++++ Information ++++

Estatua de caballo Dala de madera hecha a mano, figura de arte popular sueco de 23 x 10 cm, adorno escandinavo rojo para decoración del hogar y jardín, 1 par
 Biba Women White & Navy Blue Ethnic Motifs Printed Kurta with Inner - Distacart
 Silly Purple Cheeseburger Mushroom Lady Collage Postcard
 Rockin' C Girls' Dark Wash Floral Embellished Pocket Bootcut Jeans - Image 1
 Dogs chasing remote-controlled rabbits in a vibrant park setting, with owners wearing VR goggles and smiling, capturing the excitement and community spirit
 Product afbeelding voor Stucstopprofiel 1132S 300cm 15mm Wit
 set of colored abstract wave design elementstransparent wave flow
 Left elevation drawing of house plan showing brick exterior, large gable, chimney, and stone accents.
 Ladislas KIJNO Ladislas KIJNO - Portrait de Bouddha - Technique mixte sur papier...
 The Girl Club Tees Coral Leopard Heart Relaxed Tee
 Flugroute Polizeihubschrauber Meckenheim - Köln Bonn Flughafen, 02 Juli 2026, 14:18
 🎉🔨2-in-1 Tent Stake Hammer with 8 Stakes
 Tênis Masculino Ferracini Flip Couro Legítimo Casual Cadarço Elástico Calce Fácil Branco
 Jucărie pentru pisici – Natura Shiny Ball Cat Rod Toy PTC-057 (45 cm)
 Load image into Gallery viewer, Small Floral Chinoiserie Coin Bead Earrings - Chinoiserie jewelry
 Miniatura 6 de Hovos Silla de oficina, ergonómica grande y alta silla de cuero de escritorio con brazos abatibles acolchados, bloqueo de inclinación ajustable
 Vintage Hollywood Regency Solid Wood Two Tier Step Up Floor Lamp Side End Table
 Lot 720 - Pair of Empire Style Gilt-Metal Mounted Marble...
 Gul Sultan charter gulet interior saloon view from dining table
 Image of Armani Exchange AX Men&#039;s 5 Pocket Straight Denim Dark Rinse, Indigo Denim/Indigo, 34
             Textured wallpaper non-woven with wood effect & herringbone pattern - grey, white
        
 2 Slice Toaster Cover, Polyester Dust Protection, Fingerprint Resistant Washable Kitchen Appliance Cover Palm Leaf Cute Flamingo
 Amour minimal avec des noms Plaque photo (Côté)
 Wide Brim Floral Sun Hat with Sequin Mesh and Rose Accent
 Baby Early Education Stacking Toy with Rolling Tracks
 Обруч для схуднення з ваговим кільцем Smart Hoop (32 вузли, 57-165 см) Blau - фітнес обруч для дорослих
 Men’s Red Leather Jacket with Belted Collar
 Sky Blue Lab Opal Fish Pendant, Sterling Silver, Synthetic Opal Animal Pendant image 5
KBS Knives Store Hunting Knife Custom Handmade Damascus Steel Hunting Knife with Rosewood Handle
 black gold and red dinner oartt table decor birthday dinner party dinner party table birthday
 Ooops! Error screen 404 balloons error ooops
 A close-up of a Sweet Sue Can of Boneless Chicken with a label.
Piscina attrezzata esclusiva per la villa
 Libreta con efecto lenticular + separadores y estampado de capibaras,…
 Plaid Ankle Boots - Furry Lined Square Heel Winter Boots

++++

Select the lines from the entries that include the word "Floral".

_Reply_
 Rockin' C Girls' Dark Wash Floral Embellished Pocket Bootcut Jeans - Image 1
 Load image into Gallery viewer, Small Floral Chinoiserie Coin Bead Earrings - Chinoiserie jewelry
 Wide Brim Floral Sun Hat with Sequin Mesh and Rose Accent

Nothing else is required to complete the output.